An MoU Is Not Peace—It Is Misleading Language That Paves the Way for More War

June 14, 2026

What an MoU means in the context of a war is confusing and misleading. Is the war over when it is signed? Or is it a pause until there is a misunderstanding?

Kathy Gannon Substack

As with so much surrounding the Iran war, which the United States and Israel began in February, truth has been elusive and words have lost much of their meaning.

A cease fire agreement does not cease the firing. A peace agreement is not an agreement. Instead it is a Memorandum of Understanding.

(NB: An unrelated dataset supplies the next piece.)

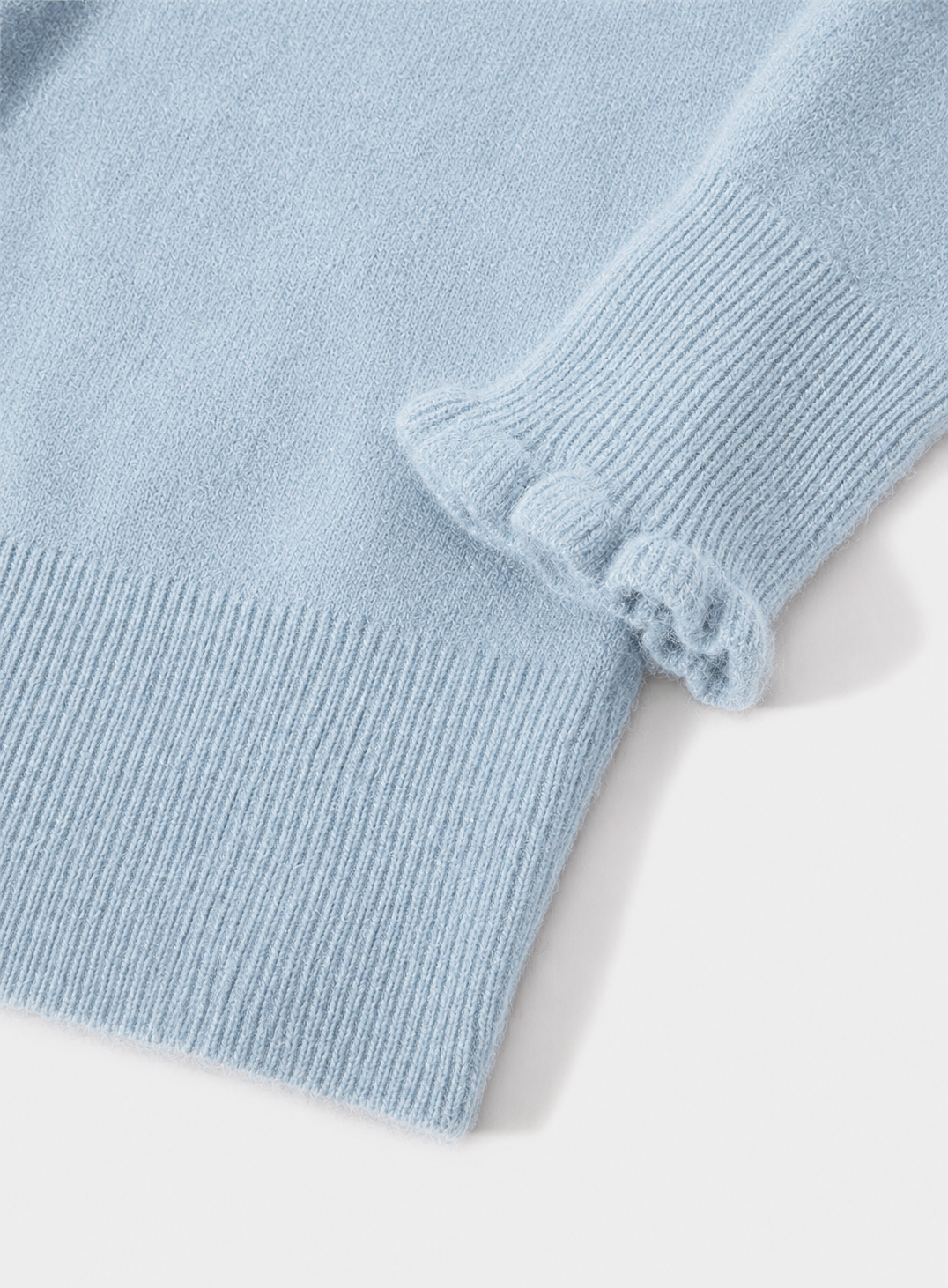 Close-up of a light blue knit garment showing a ribbed cuff with a decorative ruffled edge, on a plain light background.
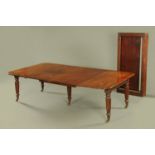 A Regency mahogany extending dining table, with pullout action and three full leaves,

Pakistan’s Prime Minister Shehbaz Sharif and U.S. President Donald Trump have been claiming on social media, of course that there is an agreement on the Iran war and says Sharif “peace has never been this close as it is now.”

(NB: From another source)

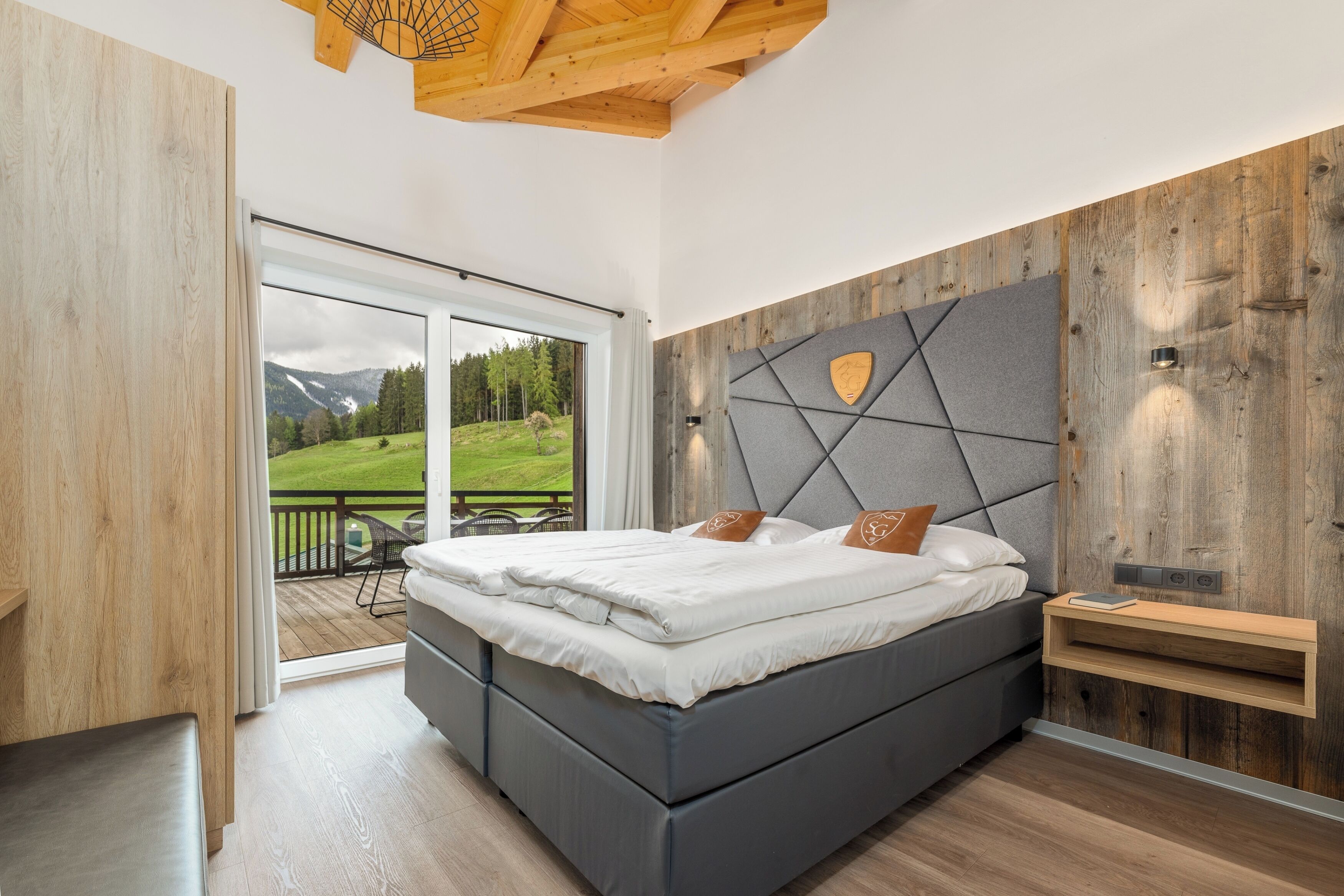 A bedroom with a bed, a wooden headboard, a nightstand, and a view of a balcony with a mountain landscape.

What exactly an MoU is in the context of a war is a bit of a mystery. Also an MoU has an inoffensive, business-like sound to it. It’s as if the brutal reality of war, the deaths of innocents, homes destroyed, children killed, is made invisible behind the inoffensive MoU. It is manipulative and it should be more than a little offensive to anyone who values words and reality.

And what does it even mean?

Is the war over when it is signed? Or is it on pause until/if the Memorandum of Understanding is misunderstood? Who decides whether there is a misunderstanding?

Can an MoU be interpreted as a peace agreement? Would breaking an MoU be a declaration of war? If it is, would the U.S. administration this time be required to seek permission to go to war?

The reality is that this MoU, if it is signed, is not a peace agreement. It does not end the Iran war, a war that has killed nearly 4,000 Iranians, destroyed homes, and devastated countless lives. Nothing is over. It is simply a pause in fighting while the warring sides agree to talk about the issues, they have been unable to resolve until now, like the Strait of Hormuz and Iran’s nuclear enriched material.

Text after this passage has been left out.